Mário Domingos relatou ainda: “Naquele local fomos torturados com choques eléctricos e pancadaria. Mas à volta havia pessoas que ouviram os nossos gritos e vieram ver o que se passava. Eles levaram-nos para os carros outra vez e levaram-nos para um outro aterro, mais deserto, onde continuaram a torturar-nos, mas também ali havia pessoas que nos ouviram gritar.”

A Inelegibilidade do Candidato

Como pode o Tribunal Constitucional, que foi minucioso na recusa de candidaturas da oposição, ao ponto de remeter alguns processos para investigação criminal, ter permitido a candidatura de Bento Kangamba, que ocupa o 60.º lugar na lista do MPLA? Que certidão de registo criminal terá Bento Kangamba apresentado ao Tribunal Constitucional?

Poderia ser invocado o argumento de uma amnistia, uma vez que o presidente José Eduardo dos Santos, desde 2000, decretou várias.
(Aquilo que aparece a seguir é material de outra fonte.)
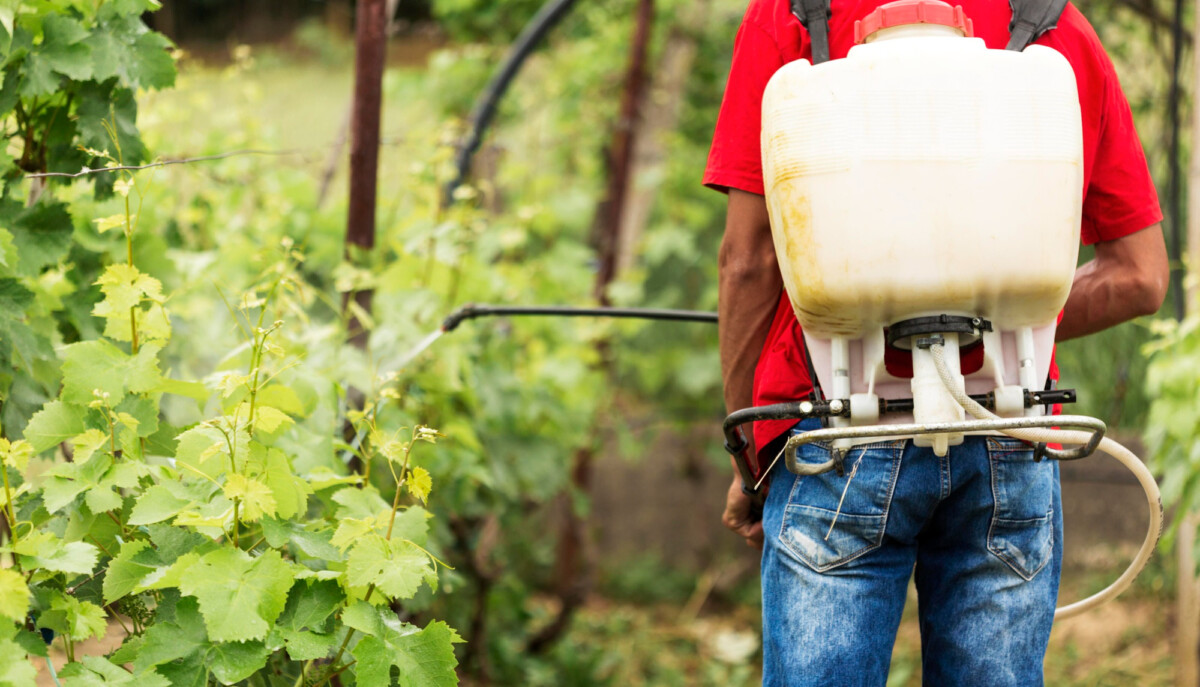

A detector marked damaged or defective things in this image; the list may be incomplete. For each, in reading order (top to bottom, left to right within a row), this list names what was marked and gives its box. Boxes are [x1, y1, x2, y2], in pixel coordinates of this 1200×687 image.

rusty metal pole [345, 0, 386, 348]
Todavia, afasta-se essa possibilidade, até porque o condenado cumpriu pena na Comarca de Luanda e a sentença continua a ser executada, ora em Portugal. O próprio Tribunal Supremo Militar justifica, no Acórdão referente ao caso, “que as amnistias declaradas para os crimes militares não se aplicam aos crimes de burla por se tratarem, estes, de crimes comuns e, para o efeito, cita o disposto no Art.º 49.º da Lei sobre os Crimes Militares (Lei 4/94). O referido artigo estabelece que “os crimes de corrupção, roubo, furto, peculato, abuso de confiança e burla, previstos na lei penal comum quando praticados por militares, serão punidos com as penas previstas na mesma lei, agravadas de um terço”. Assinaram o Acórdão os juízes e oficiais generais António dos Santos Neto, Augusto da Costa Carneiro e Adolfo Aníbal Rasoilo. O primeiro exerce actualmente o cargo de juiz-presidente do Tribunal Supremo Militar, o segundo serve como juiz do Tribunal Supremo.

As decisões do presidente do MPLA e da República, José Eduardo dos Santos, têm demonstrado a sua falta de respeito para com a legislação em vigor, por si próprio promulgada e de acordo com a sua vontade política. A submissão da candidatura de Bento Kangamba é apenas mais uma das suas arbitrariedades.

Será que o Tribunal Constitucional, ao menos, terá coragem e dignidade suficientes para se pronunciar publicamente sobre o caso? Ou serve apenas para excluir os malquistos da oposição?